Por eso, en las culturas que conservan ese marco espiritual, hay una cohesión interna más fuerte, una identidad más clara, una capacidad de resistencia más firme. Defienden sus tradiciones, sus valores, sus símbolos. Rechazan las influencias externas que los quieren disolver. No están discutiendo cuánto CO₂ emite una vaca. Están en una guerra espiritual. Lo entienden así, lo viven así, y actúan en consecuencia.

Mientras tanto, Occidente sigue bailando sobre el Titanic. Convencido de que lo moral es relativo, que todo es opinable, que no hay verdades absolutas. Ese relativismo nos hace vulnerables, nos paraliza. Porque si no hay bien ni mal, entonces todo es negocio, todo es acuerdo, todo es diplomacia. Pero cuando enfrente tenéis actores que creen que están cumpliendo un mandato divino, estás perdido. Porque no podéis negociar con alguien que no busca ganancia, sino salvación.

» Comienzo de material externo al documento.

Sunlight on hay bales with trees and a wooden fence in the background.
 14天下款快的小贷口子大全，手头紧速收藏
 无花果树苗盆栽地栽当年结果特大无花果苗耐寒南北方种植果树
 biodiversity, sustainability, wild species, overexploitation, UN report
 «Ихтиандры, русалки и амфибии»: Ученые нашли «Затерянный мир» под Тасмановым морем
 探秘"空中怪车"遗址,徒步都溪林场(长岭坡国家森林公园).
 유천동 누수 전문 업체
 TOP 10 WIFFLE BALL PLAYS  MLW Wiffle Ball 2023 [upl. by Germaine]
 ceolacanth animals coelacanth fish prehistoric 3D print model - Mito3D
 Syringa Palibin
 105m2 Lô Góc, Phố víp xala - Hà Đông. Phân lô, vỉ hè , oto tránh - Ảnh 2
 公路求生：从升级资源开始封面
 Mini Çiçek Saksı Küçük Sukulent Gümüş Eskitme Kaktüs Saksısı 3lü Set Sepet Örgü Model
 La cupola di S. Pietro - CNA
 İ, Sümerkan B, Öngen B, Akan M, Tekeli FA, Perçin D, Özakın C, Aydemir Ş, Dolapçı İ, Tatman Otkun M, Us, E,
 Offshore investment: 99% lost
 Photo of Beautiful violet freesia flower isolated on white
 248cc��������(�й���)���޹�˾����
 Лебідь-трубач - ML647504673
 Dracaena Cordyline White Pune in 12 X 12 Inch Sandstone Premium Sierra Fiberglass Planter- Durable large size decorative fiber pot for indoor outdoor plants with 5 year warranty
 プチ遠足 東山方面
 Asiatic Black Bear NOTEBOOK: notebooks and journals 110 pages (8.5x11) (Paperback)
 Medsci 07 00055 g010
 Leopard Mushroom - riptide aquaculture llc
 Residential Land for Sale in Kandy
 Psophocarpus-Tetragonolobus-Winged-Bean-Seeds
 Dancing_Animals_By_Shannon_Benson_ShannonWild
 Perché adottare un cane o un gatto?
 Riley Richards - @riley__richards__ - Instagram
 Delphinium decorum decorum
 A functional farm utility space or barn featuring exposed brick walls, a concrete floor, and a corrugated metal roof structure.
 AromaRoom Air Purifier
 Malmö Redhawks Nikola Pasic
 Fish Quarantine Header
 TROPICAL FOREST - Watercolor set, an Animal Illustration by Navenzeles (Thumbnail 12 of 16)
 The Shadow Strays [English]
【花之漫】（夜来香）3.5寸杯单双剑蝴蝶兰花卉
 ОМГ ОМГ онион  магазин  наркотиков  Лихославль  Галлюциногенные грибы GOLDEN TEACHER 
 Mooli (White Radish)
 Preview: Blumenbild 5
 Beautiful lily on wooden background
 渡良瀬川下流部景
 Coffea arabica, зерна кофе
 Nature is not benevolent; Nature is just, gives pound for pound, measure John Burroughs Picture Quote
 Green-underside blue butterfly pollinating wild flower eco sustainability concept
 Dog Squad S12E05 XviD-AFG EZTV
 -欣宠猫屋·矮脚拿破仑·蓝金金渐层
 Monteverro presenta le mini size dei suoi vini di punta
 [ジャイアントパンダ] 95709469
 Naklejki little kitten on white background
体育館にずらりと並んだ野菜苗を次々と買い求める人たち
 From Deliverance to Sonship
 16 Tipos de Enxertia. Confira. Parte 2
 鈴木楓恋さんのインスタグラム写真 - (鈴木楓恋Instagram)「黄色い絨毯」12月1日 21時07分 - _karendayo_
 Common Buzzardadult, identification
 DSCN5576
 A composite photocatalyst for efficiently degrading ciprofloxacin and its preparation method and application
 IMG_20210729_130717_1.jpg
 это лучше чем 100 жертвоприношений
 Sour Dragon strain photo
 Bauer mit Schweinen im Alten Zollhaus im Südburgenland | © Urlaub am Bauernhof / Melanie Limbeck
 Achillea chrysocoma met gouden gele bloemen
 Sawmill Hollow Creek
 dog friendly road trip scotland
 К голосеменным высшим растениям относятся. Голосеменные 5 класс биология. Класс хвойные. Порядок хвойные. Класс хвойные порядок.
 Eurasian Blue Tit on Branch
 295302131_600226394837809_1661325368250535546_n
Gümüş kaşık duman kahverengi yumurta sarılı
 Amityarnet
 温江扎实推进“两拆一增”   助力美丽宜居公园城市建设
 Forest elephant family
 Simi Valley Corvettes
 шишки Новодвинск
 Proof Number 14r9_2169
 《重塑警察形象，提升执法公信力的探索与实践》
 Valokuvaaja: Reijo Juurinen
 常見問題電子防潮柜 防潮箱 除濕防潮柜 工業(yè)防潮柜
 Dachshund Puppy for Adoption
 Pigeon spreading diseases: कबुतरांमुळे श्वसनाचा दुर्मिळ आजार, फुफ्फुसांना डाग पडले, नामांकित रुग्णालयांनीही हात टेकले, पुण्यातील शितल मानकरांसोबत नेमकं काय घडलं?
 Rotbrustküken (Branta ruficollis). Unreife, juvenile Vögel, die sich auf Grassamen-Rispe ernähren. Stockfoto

Y ahí está el punto final. Cuando una élite occidental decide avanzar hacia una guerra nuclear, hacia el colapso económico, hacia el suicidio civilizatorio, sin obtener nada a cambio, sin poder explicarlo con lógica geopolítica o económica, entonces estamos ante otra cosa. No es codicia. No es ambición. Es destrucción deliberada. Y eso es lo que Dugin llama posesión demoníaca. La voluntad de hacer daño, aunque eso implique la propia aniquilación.

Occidente ya no cree en el mal como voluntad inteligente. Cree que todo se arregla con ciencia, con psicología, con ONGs. Pero el resto del mundo sí cree en el mal. Lo ve, lo nombra y lo combate. Y eso explica por qué las élites occidentales no entienden lo que está pasando. No entienden el juego en el que están metidas. Y si no lo entienden, no lo pueden ganar. Porque no se puede derrotar lo que uno se niega a ver.

La pregunta final no es solo geopolítica. Es espiritual. Si nuestros líderes no reconocen que existe una inteligencia que guía hacia la destrucción, ¿quién está realmente moviendo sus manos?